- _Exercise requirements_:
Reproduce each line below precisely. Drop the pictures.

- _Stored data_:
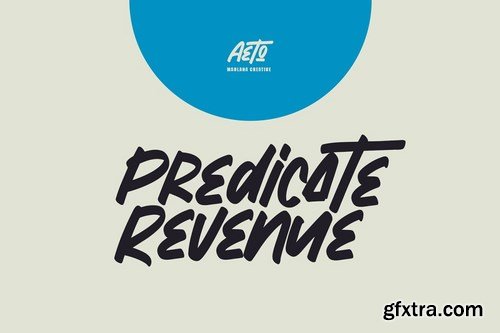 CM - Aeto - Brush Handmade Font 4864097 CM - Aeto - Brush Handmade Font 4864097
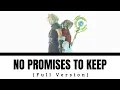 Download Lagu FFVII No Promises to keep Full Version (english subtitle) | FINAL FANTASY 7 REBIRTH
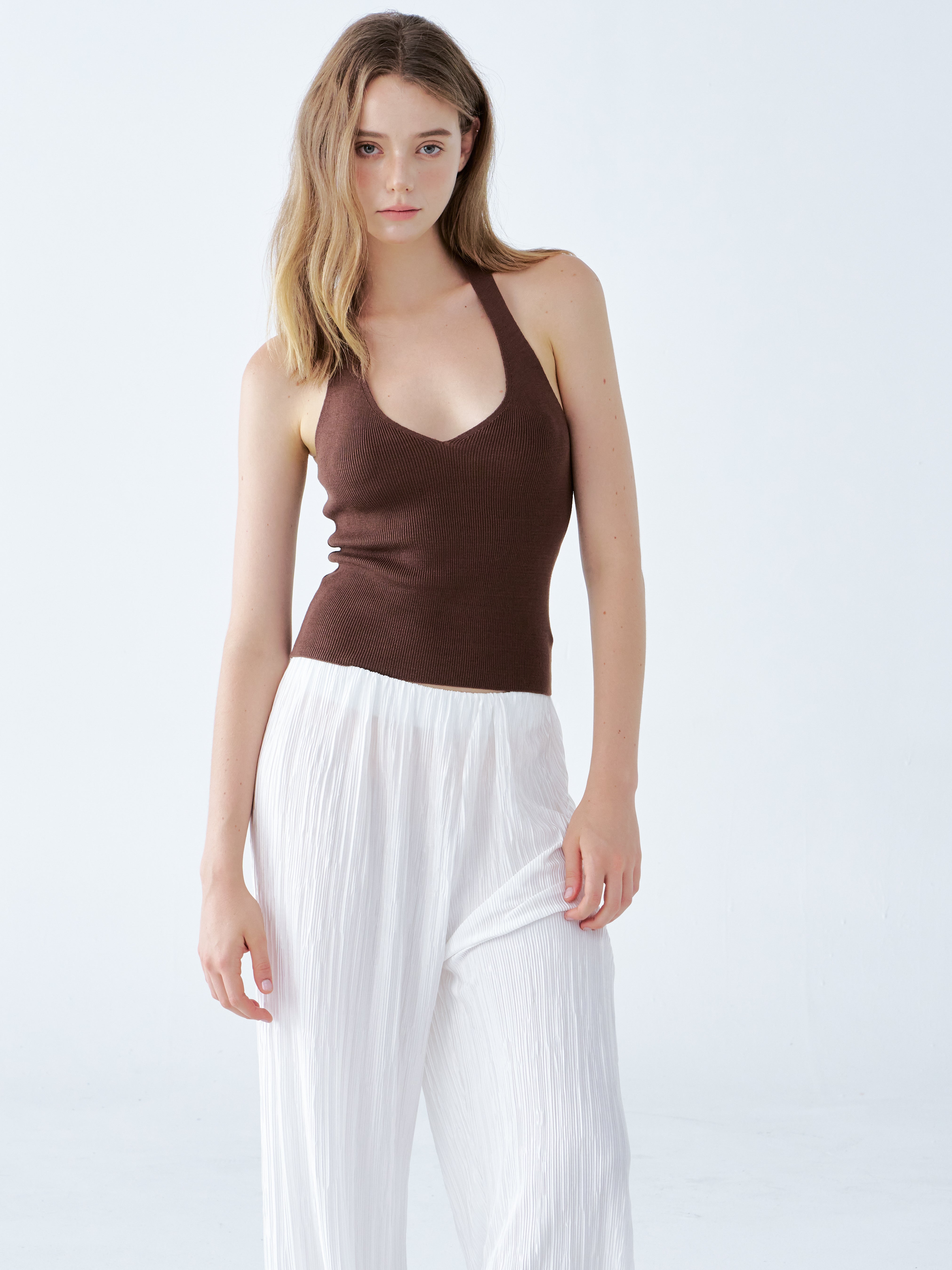 Brigette Top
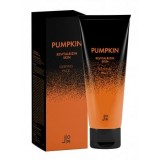 Ночная маска с тыквой J:ON Pumpkin Revitalizing Skin Sleeping Pack - тюбик 50 г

- _Reply_:
 CM - Aeto - Brush Handmade Font 4864097 CM - Aeto - Brush Handmade Font 4864097
 Download Lagu FFVII No Promises to keep Full Version (english subtitle) | FINAL FANTASY 7 REBIRTH
 Brigette Top
 Ночная маска с тыквой J:ON Pumpkin Revitalizing Skin Sleeping Pack - тюбик 50 г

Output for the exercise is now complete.